Giorgia Meloni prende il largo. Fratelli d’Italia è il primo partito con il 20,8%, secondo le intenzioni di voto raccolte dal sondaggio Demos, 0,7 punti percentuali in più rispetto a luglio scorso. Per la formazione di destra il vantaggio aumenta rispetto alla Lega (19,6%, -0,9 rispetto a due mesi fa) e al Pd (19,3%, -0,4 rispetto a due mesi fa). Un dato non buono per Mario Draghi perché costringerà inevitabilmente Matteo Salvini a fare ancora di più “l’opposizione stando al governo” con buona pace dei pur numerosi maggiorenti leghisti che di questa tattica a doppio taglio non ne vogliono sentire parlare, a cominciare dal fido (di Mario Draghi…) Giancarlo Giorgetti. Ma costringerà anche Enrico Letta, il segretario del Pd ad alzare i toni se presto non vorrà ritrovarsi a ridosso del tanto vituperato 18%: quello del mai amato Matteo Renzi per intenderci.

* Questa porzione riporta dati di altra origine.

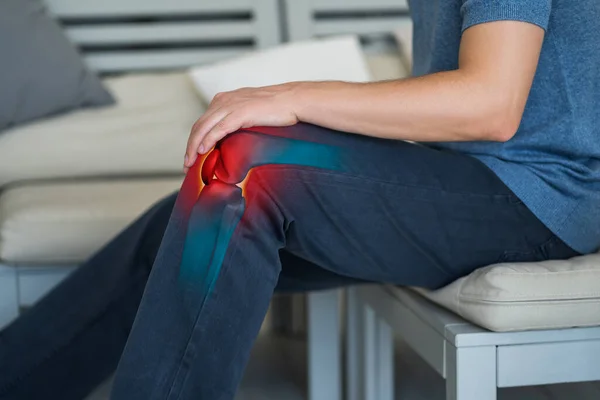 Knie Pijn Man Die Lijdt Aan Artrose Thuis Chiropractie Behandelingen — Stockfoto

I problemi però per Mario Draghi non finiscono qui: l’autunno si presenta a dir poco bollente. L’agenda economica nei prossimi mesi sarà piena di appuntamenti da far tremare i polsi: fisco, ammortizzatori sociali, concorrenza, misure anti-delocalizzazione, Quota 100, giustizia. “Troppe riforme da attuare in troppo poco tempo” commenta un big della maggioranza di governo. In più ci sarà da presentare entro metà ottobre la legge di bilancio. E tanto per non farci mancare nulla l’Europa ha già attivato i controlli sull’iter di approvazione delle riforme. Insomma, siamo di fronte ad un quadro che presenta oggettive difficoltà non di poco conto, forse troppo anche per un personaggio del calibro di super Mario.

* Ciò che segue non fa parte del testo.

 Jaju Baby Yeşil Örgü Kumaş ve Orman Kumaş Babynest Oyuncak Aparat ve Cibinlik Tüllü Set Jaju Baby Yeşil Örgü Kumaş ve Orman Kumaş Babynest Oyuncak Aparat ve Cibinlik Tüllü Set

Ed è proprio questo, a sentire i più autorevoli spifferi che giungono dal palazzo, il vero motivo che ha spinto l’ex presidente BCE a tirar fuori in questo momento la storia dell’obbligo vaccinale. “Servirà nei prossimi mesi per tenere unito il governo: la drammatizzazione dell’emergenza Covid con la relativa richiesta di obbligo vaccinale servirà per tenere unito l’esecutivo e fare le riforme necessarie per prendere i soldi dall’Europa”.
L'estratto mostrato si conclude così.